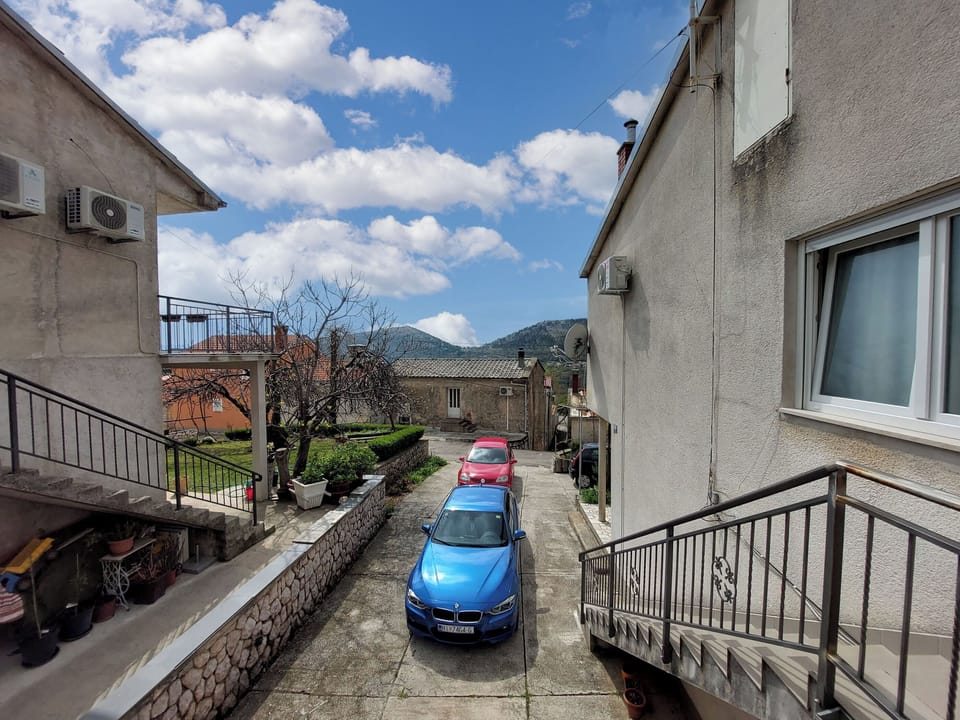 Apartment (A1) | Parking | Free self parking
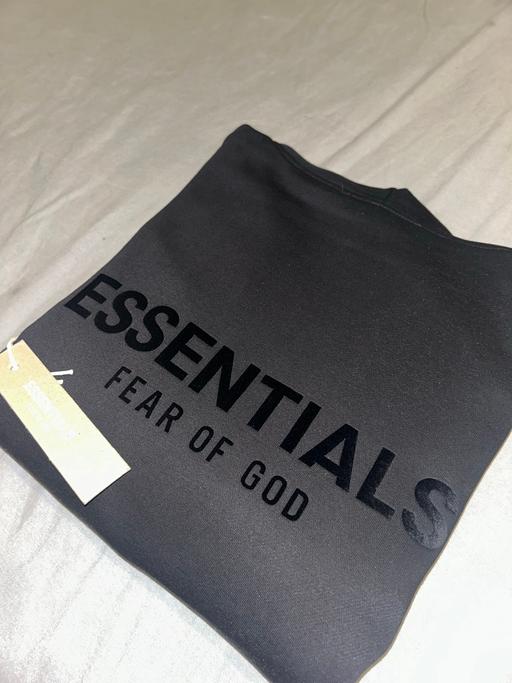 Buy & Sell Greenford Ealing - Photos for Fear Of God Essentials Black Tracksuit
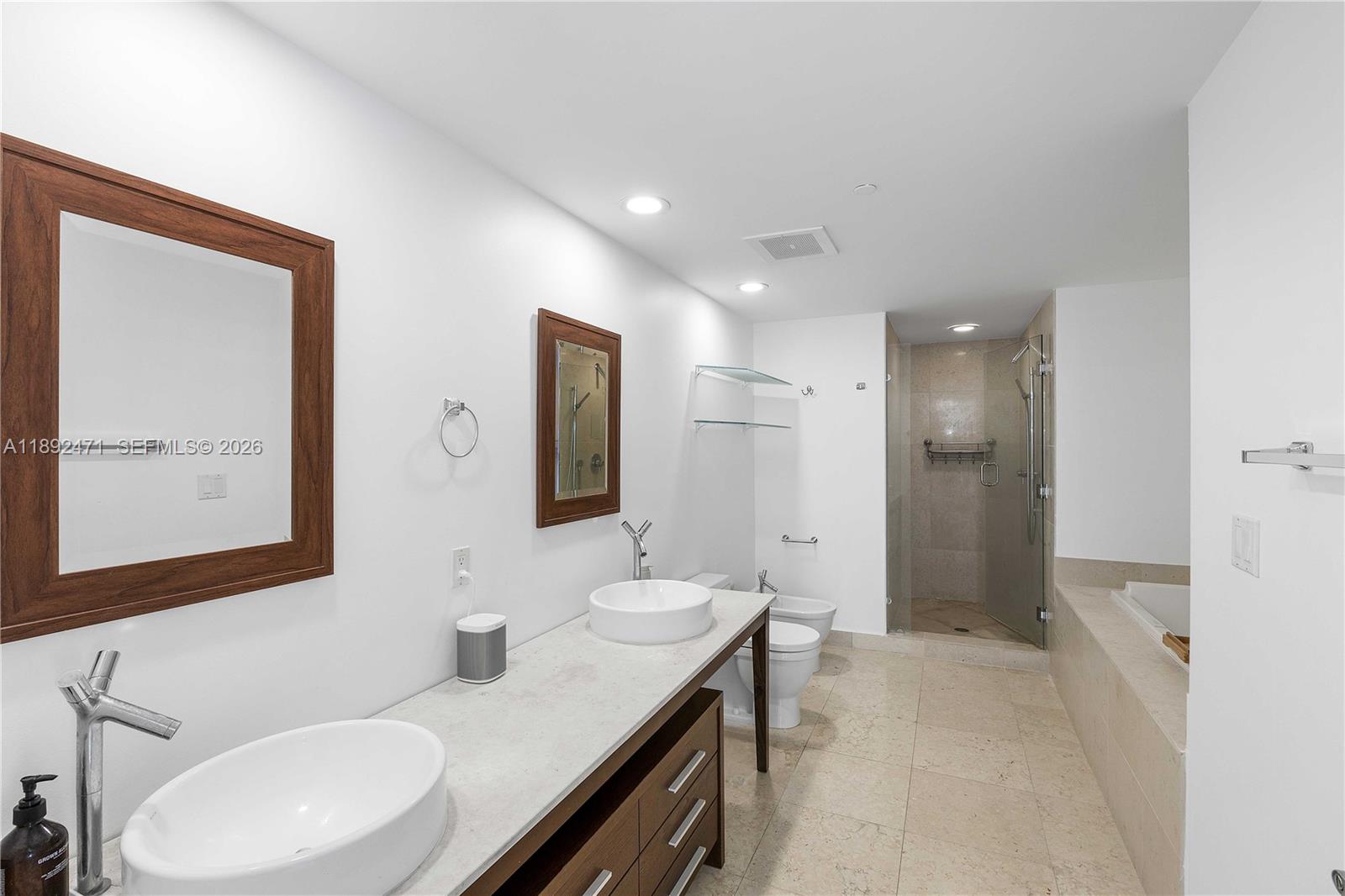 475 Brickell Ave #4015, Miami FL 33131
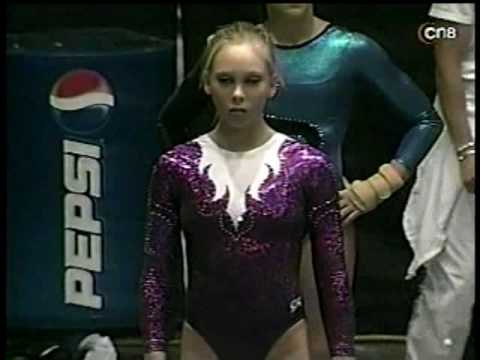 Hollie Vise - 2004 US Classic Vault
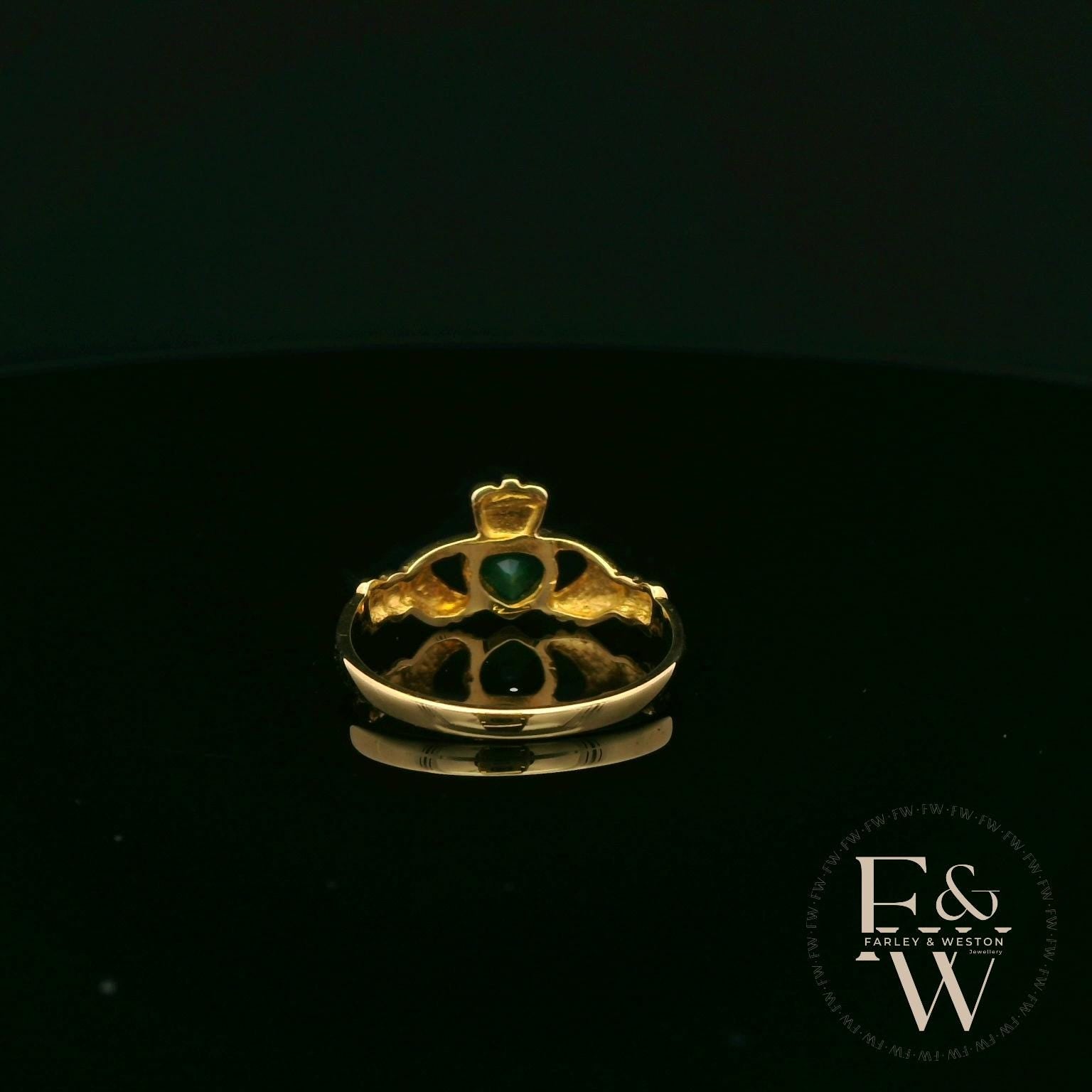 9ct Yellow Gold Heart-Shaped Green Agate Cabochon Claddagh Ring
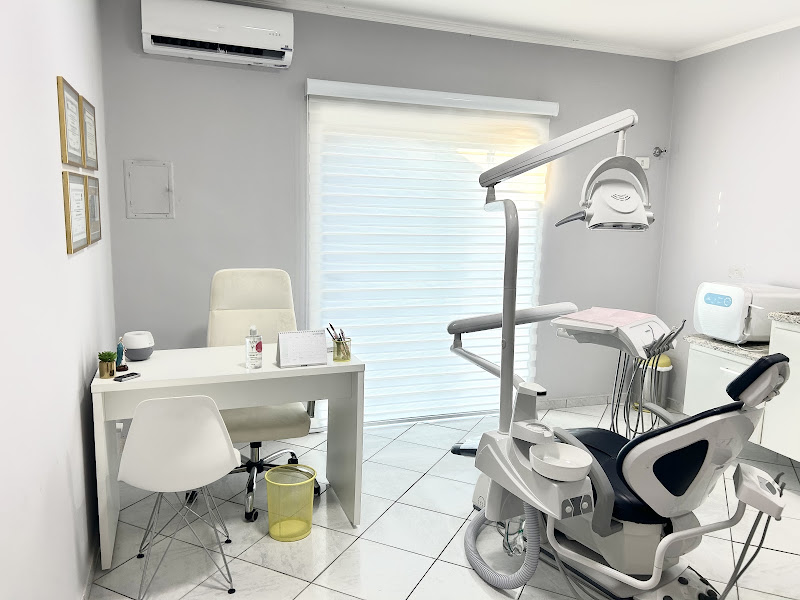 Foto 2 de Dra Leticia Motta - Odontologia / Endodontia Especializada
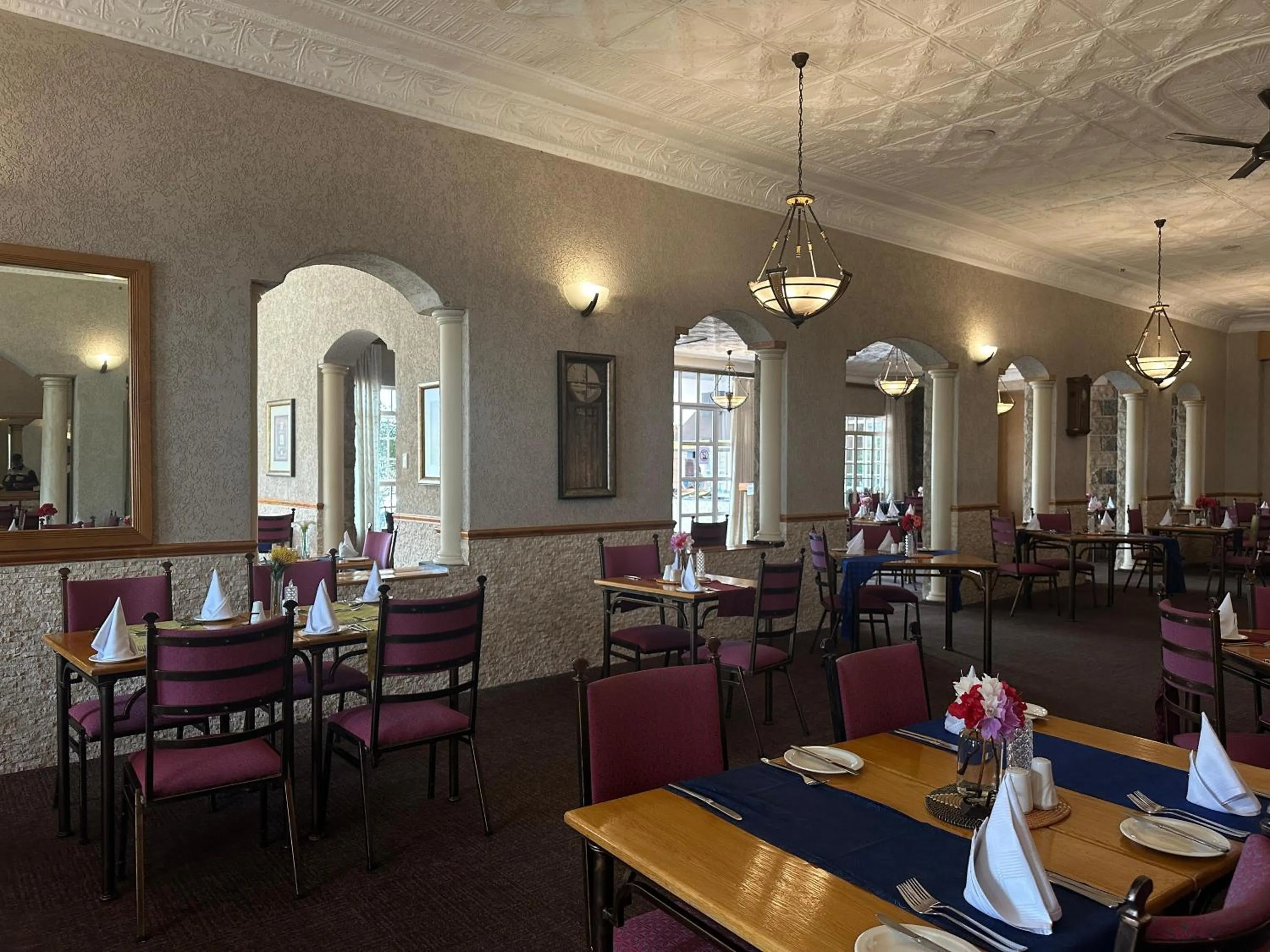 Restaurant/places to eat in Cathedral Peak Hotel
☆ ☆ ☆ ☆ ☆ ☆ ☆
§ WORK TO BE COMPLETED: Your task is to copy the entries in full and exactly, without any images.

§ RESPONSE:
 Apartment (A1) | Parking | Free self parking
 Buy & Sell Greenford Ealing - Photos for Fear Of God Essentials Black Tracksuit
 475 Brickell Ave #4015, Miami FL 33131
 Hollie Vise - 2004 US Classic Vault
 9ct Yellow Gold Heart-Shaped Green Agate Cabochon Claddagh Ring
 Foto 2 de Dra Leticia Motta - Odontologia / Endodontia Especializada
 Restaurant/places to eat in Cathedral Peak Hotel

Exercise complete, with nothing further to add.